You schedule a recording with 'at'. atd runs it at the specified time regardless of the load average.

Okay, atd runs the scheduled job at the specified time, but something happens to prevent the job from executing. :)

Quote:

You might want to use batch processing e.g. if you run large numerical simulations.

Would that work? This is for an HTPC to run schedule recordings. The recordings have to execute at a specified time. If I understand correctly, at is used to run jobs at specific times whereas batch runs jobs as soon as load average allows. Seems my use case needs at rather than batch.

Quote:

I completely missed that: -l only applies to 'batch' jobs.

Therefore changing atd to '-l `nproc`' has no effect when using 'at' and is useful only when using 'batch'. Therefore I'm back to the beginning with not knowing anything at all why the scheduled jobs fail to execute.

I might have a clue but I need help deciphering what might have happened.

In my original post I mentioned a mysterious system mail that I never could trace the source. Now I have traced the source. The email:

sh: line 61: cd: /root: Permission denied
Execution directory inaccessible

From backups I learned that last line is from the at job script created when I scheduled the recording, but the at job script contains the following:

Code:

cd /home/htpc || {

  echo 'Execution directory inaccessible' >&2

  exit 1

}

'Line 61' in the email matches the at job script 'exit 1' line number.

The time of the email matches the time of the scheduled recording.

Basically, the reason the job did not execute (as expected) is something changed the script to cd to /root rather than cd /home/htpc.

Confusing to me is why the script changed to cd to /root rather than cd to /home/htpc. Backups of the script show /home/htpc, not /root.

Any ideas?

Isn't "atd -l" for batch jobs? Are at jobs affected?

Quote:

Isn't "atd -l" for batch jobs? Are at jobs affected?

From what I've learned through this thread, yes, the -l option applies only to batch and not at.
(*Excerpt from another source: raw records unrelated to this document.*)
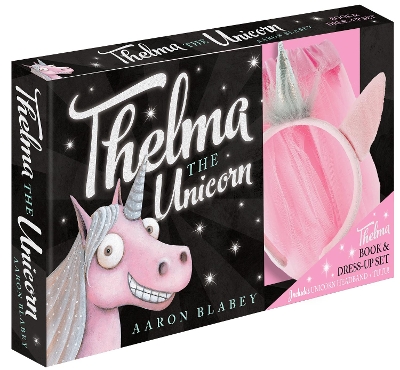 Thelma the Unicorn: Book & Dress-Up Set by Aaron Blabey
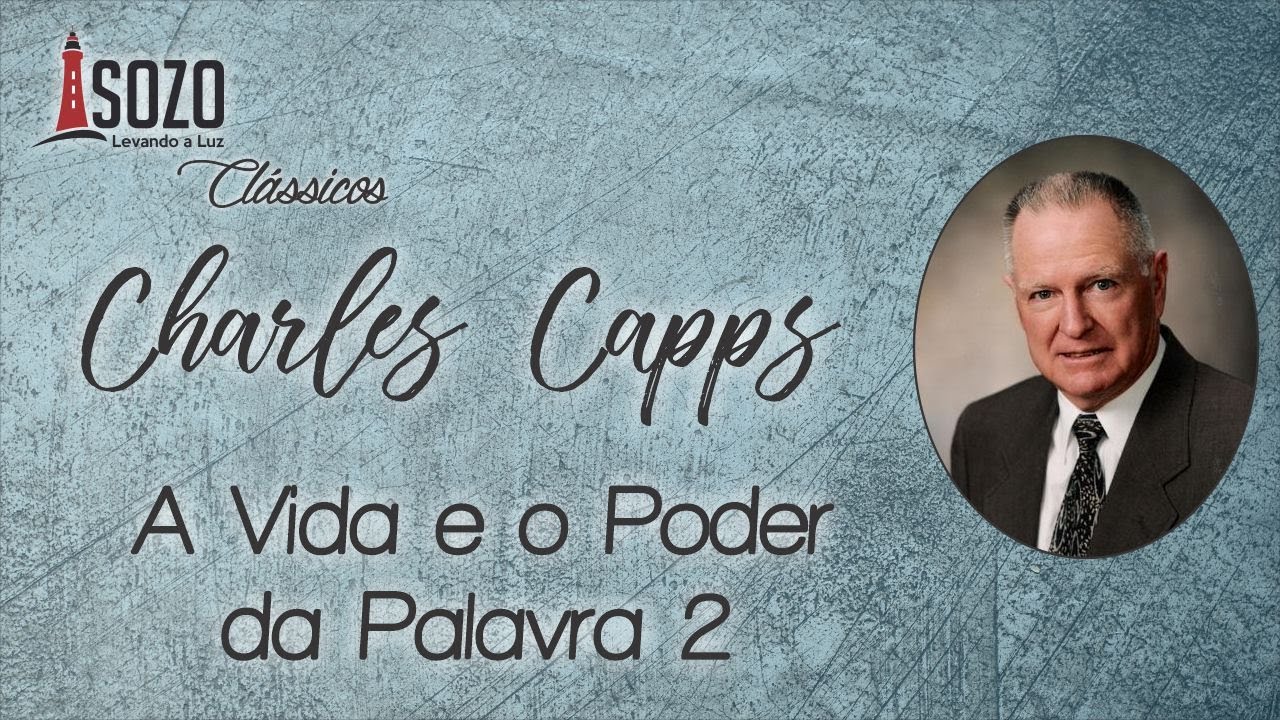 Charles Capps - A Vida e o Poder da Palavra 2 (Sozo Clássicos)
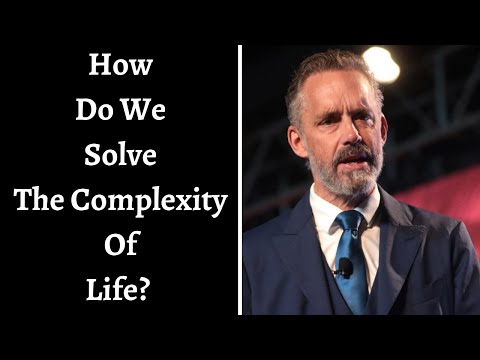 Jordan Peterson ~ How Do We Solve The Complexity Of Life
So the correct question is in my previous post.

As mentioned in my previous post, apparently the at job is executing but the mysterious email indicates the at job script is being changed from 'cd /home/htpc' to 'cd /root' and I have no idea why.

Gee, I'd be paranoid if any of my executable scripts got modified without my knowledge, particularly to attempt to get something executed in root's directory. Perhaps an attempt to attack the machine?

Paranoid? No.

The mysterious email does not necessarily mean the at job scripts are being modified. Something is awry with looking for 'cd /root' rather than 'cd /home/htpc'. I won't be suprised at all if the problem is PEBKAC. I just want to know what actually happens. As this happens only once in a blue moon, debugging is a challenge.

/var/spool/atjobs is owned daemon:daemon. Each at job (scheduled recording) within that directory is owned htpc:daemon (chmod 700).